**WHAT YOU ARE ASKED TO DO**: As the answer, give exactly the lines of the records below from the one with "Thank you for" through the one with "There's a place", ends included and pictures left out.
*** Begin section ***
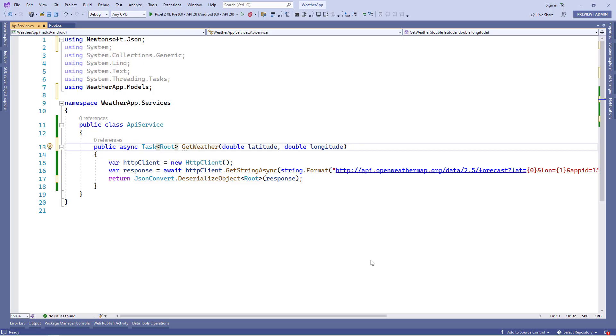In the last lesson, we added a method in the API service class and this method will be used to get the weather data according to the coordinates like latitude and longitude. But as per our application, we also want to get the weather data according to the city name.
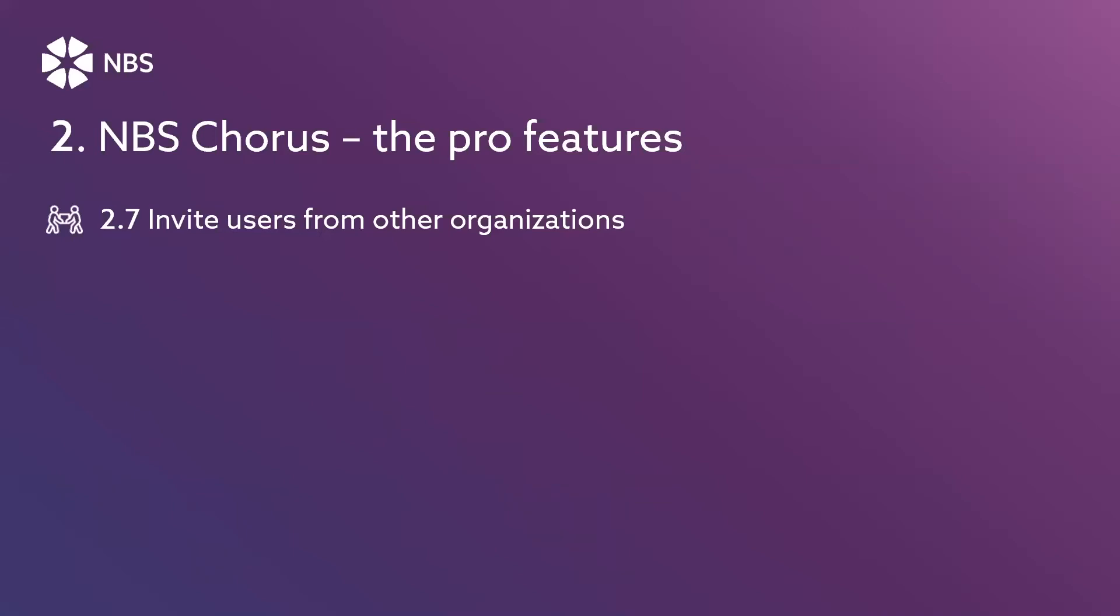The final pro feature I'd like to show today, the seventh one here, is the ability to invite users from other organizations.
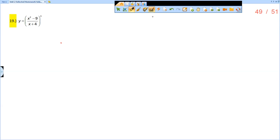This is the solution video for Unit 2 Review, problem number 19. I have x squared minus 9 over x plus 4, all cubed. The first thing I would do — you could do this one of two ways.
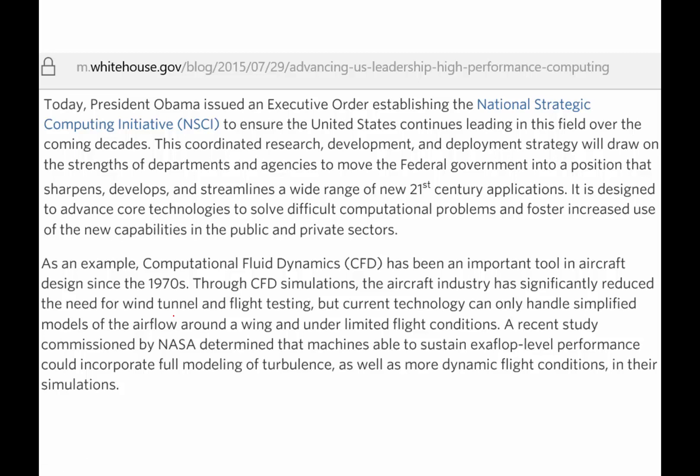Simulating more complex partial differential equations, solving them in more detail, more accurately.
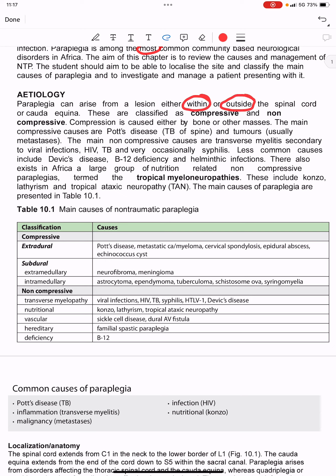In Africa, paraplegia is among the most common community-based neurological disorders. It can arise from a lesion either within or outside the spinal cord or cauda equina. Under non-traumatic paraplegia, causes are classified as compressive and non-compressive.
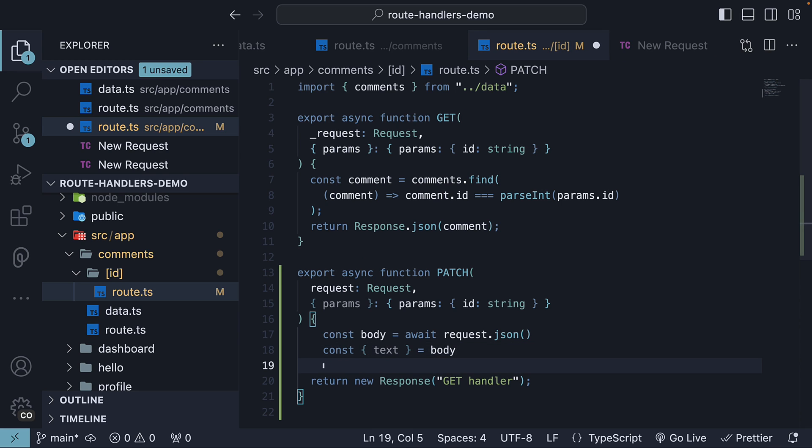Next, we find the comment that we need to update. We can use either array.find or findIndex. I am going to use findIndex as we will use the same method for delete as well in the next video.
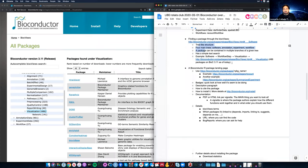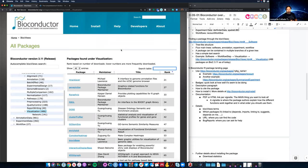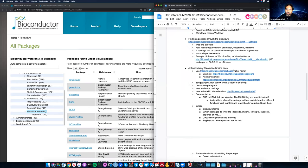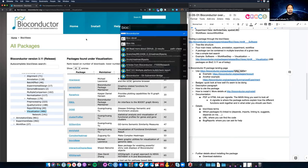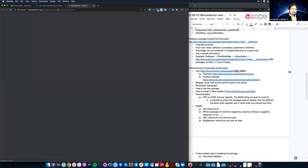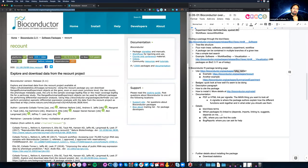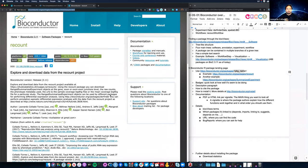Now let's say you found a package you want to work with. Bioconductor has a nice URL redirecting structure where you type bioconductor.org/packages/[package name] and it will redirect you to the landing page for that package. For example, I want to go to 'recount' — so that's bioconductor.org/packages/recount and it automatically redirects me to the actual website. This is one of my packages.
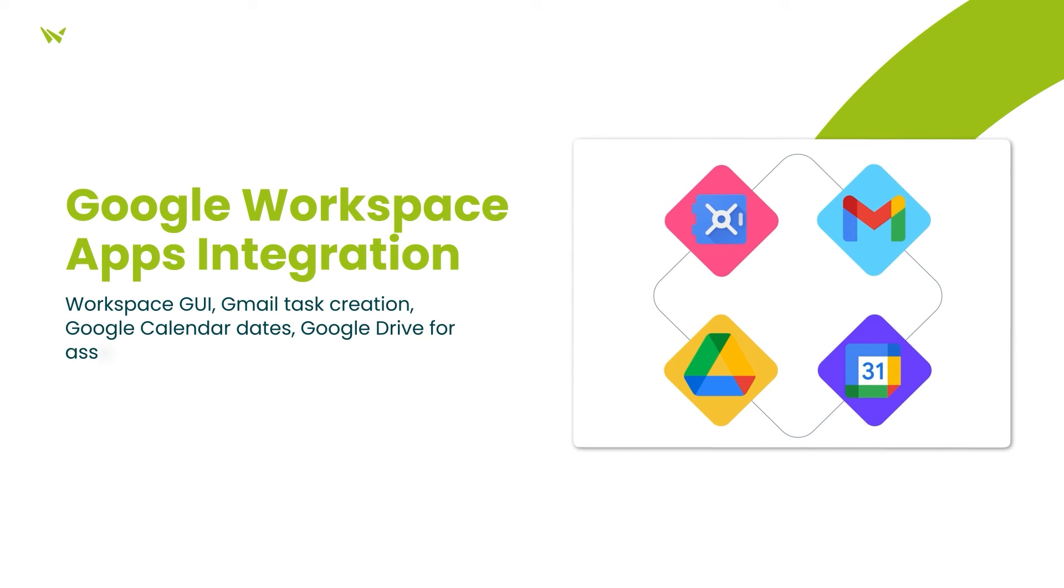For enhanced data management, project boards can be conveniently backed up to Google Drive, and project data can be archived to Google Vault.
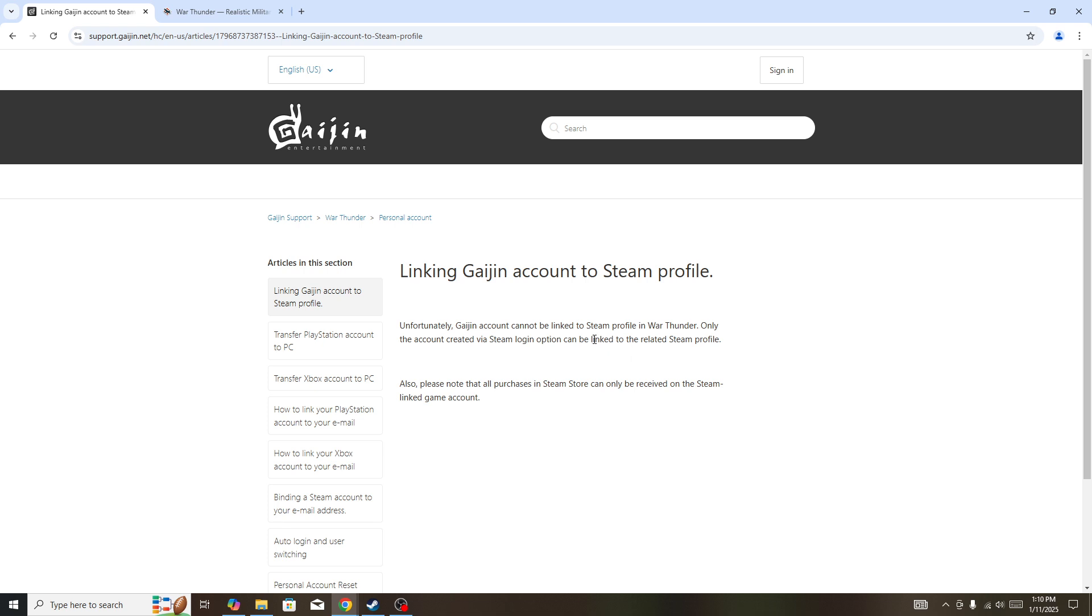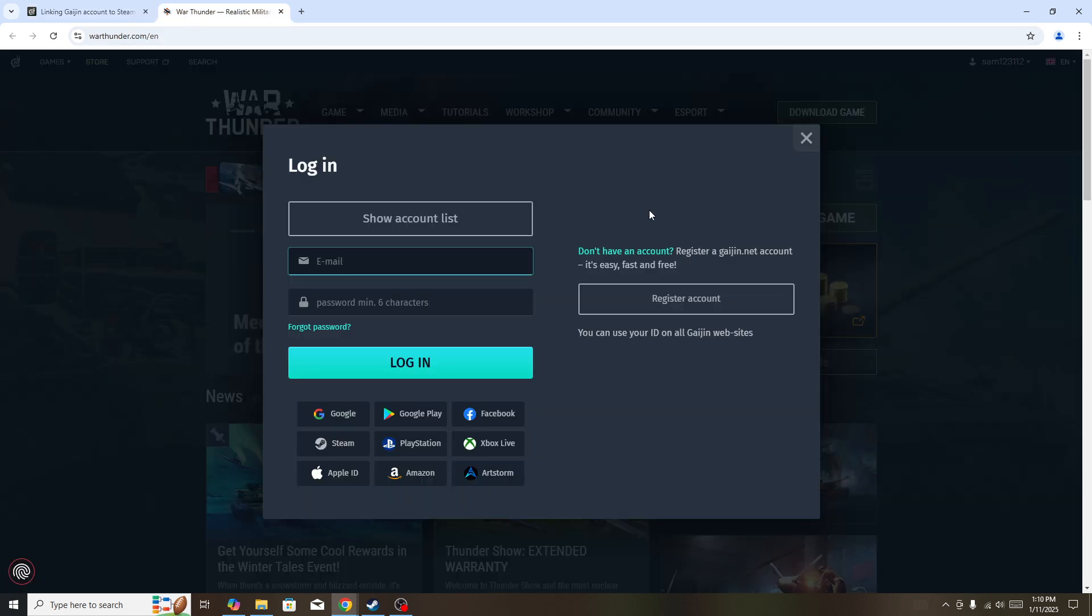and it clearly says that you can't do that. But if you want to log in with it, then you can do that as well. For that, what you need to do is simply click on your profile icon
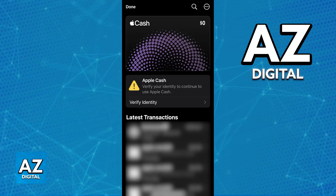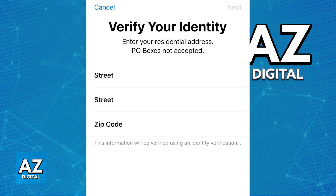Immediately upon tapping this warning, you will be told what you need to verify. You will need to follow the onscreen instructions and ensure that all of your personal information, including your name, date of birth, and address, is correct and up to date in your Apple ID settings.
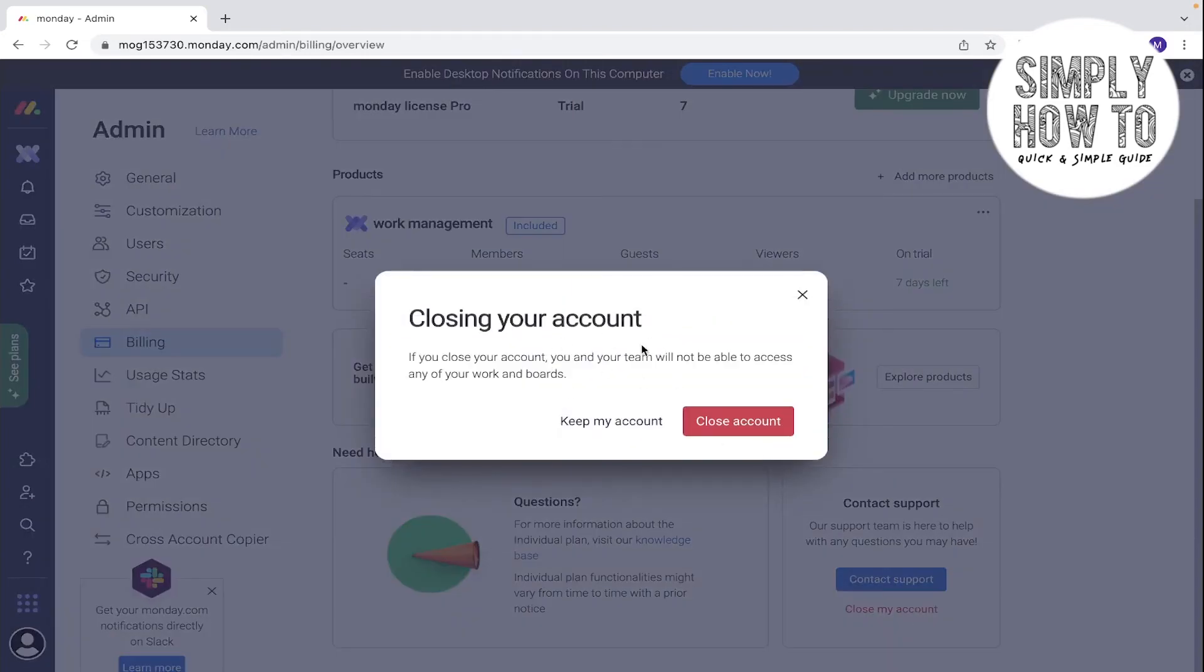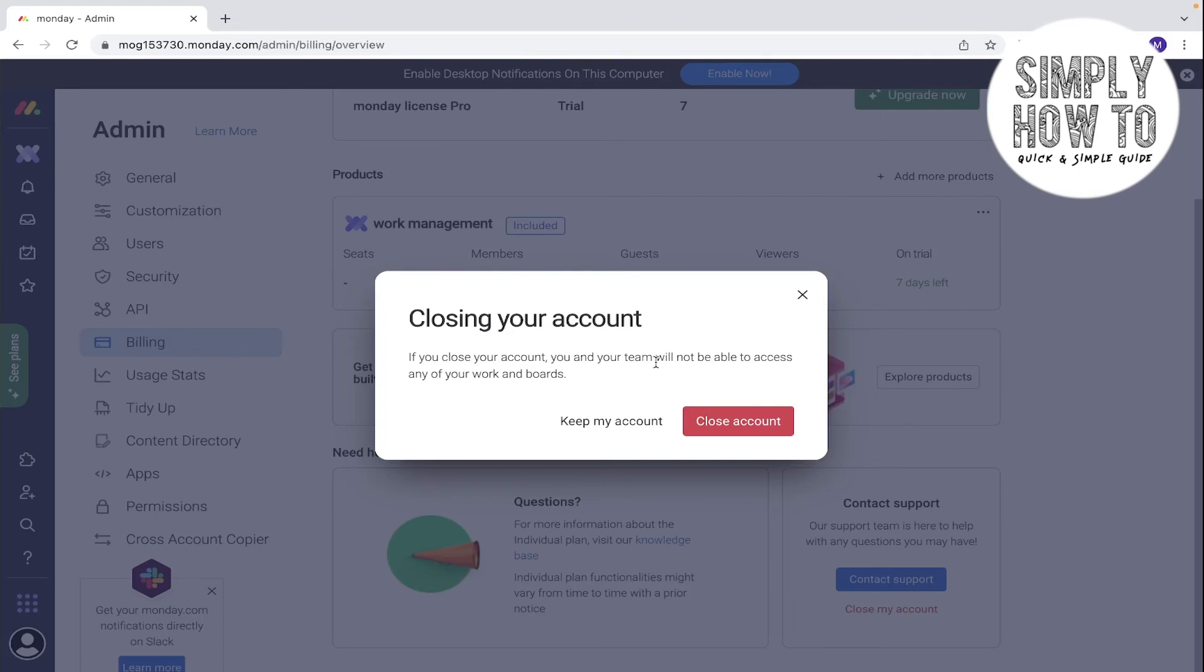Here is the pop-up window that opens for us. It tells you if you close your account, you and your team will not be able to access any of your work and boards. If you want to keep it, click on 'Keep my account'. If you clicked this by mistake, click that, or you can click on 'Close account' if you want to delete it permanently.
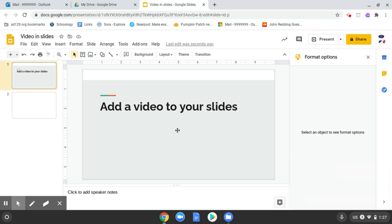I'm going to show you how to add a video to your Google Slides that you took using your phone or another device and then emailed to yourself.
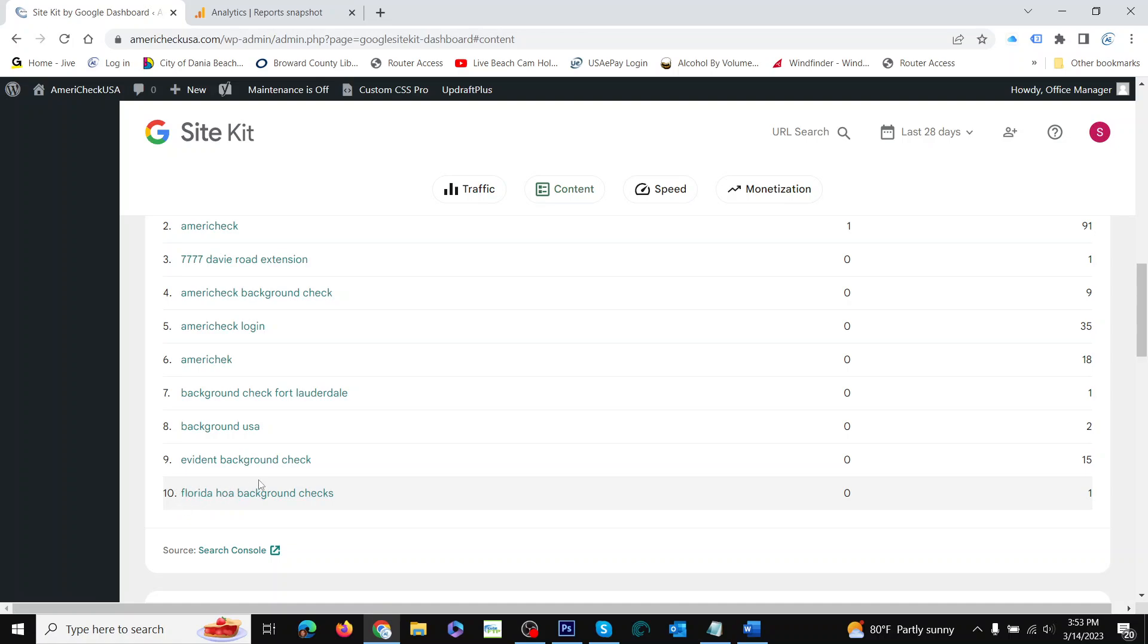We write a blog post about Florida HOA background checks, the very thing people are searching for, and we talk about the importance of a Florida HOA background check in our blog post, how it could help you, and what you would do with it. Anyway, it only shows ten things here.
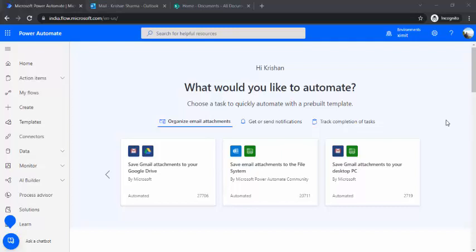Hi everyone, welcome back to the channel. In today's video we are going to take a look at one of the scenarios where I will be receiving emails with zip files, and I will be unzipping and extracting the documents out of that zip file and storing them into SharePoint. For that I am going to use Power Automate.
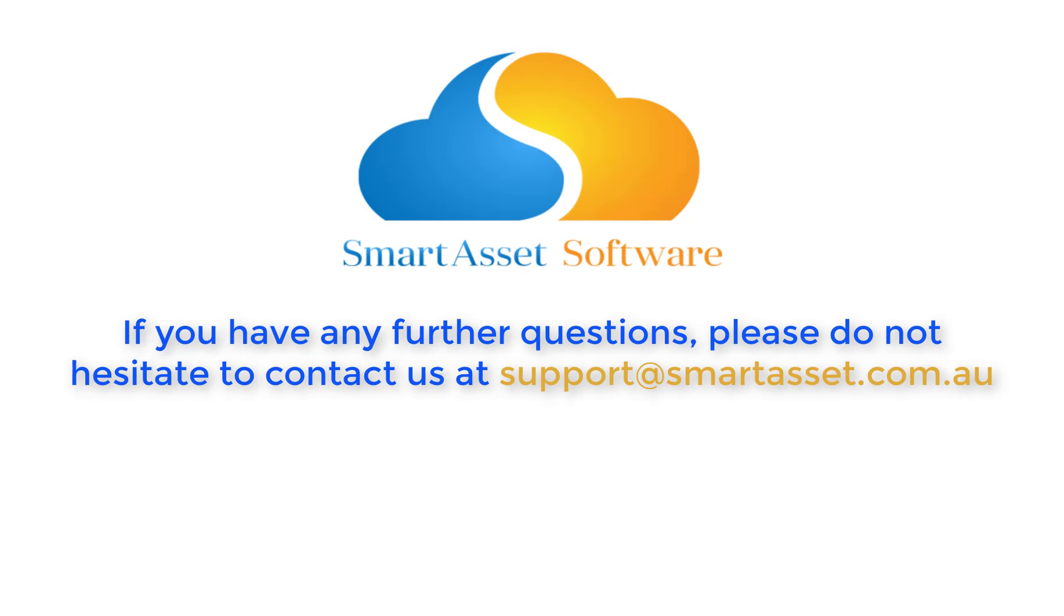Thank you for watching and be sure to access our Smart Asset video library for more helpful tips. If you have any further questions, please do not hesitate to contact us at support@smartasset.com.au.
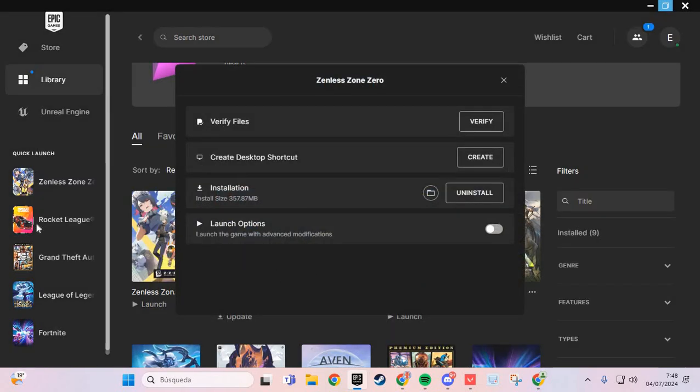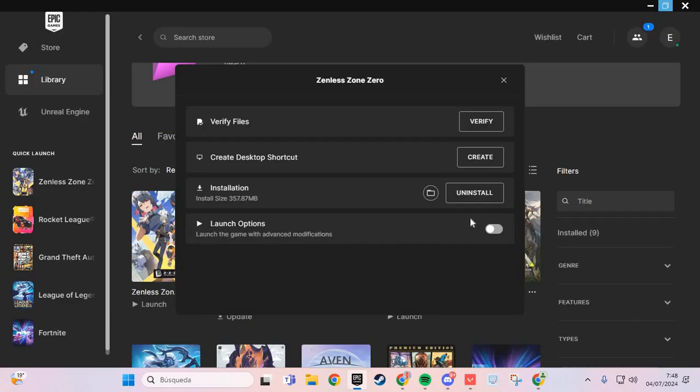And here in Manage we are going to the Launch Options. You enable this option and here you put -dx11, or if that doesn't work, -dx12.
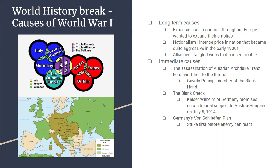There's a place in the southeastern part of Europe called the Balkans — where Romania, Bulgaria, Serbia, Hungary, Montenegro — that part of the world. And there's this explosion of nationalism there, where all these pieces of the Austrian-Hungarian Empire want their freedom and want to become their own countries.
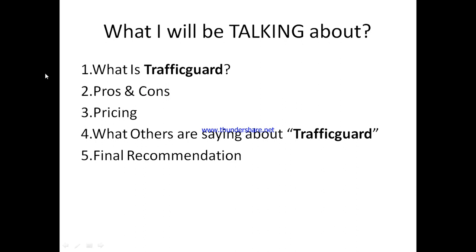I'll be talking about what TrafficGuard is all about — what they stand for, what they've got in store for you, what you're likely to benefit from it, and who can use TrafficGuard. That will lead us to the pros and cons based on my own personal exposure to this tool — the positive side as well as the bad side.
*** End section ***
**ANSWER SECTION**:
Thank you for watching and be sure to access our Smart Asset video library for more helpful tips. If you have any further questions, please do not hesitate to contact us at support@smartasset.com.au.
And here in Manage we are going to the Launch Options. You enable this option and here you put -dx11, or if that doesn't work, -dx12.
There's a place in the southeastern part of Europe called the Balkans — where Romania, Bulgaria, Serbia, Hungary, Montenegro — that part of the world. And there's this explosion of nationalism there, where all these pieces of the Austrian-Hungarian Empire want their freedom and want to become their own countries.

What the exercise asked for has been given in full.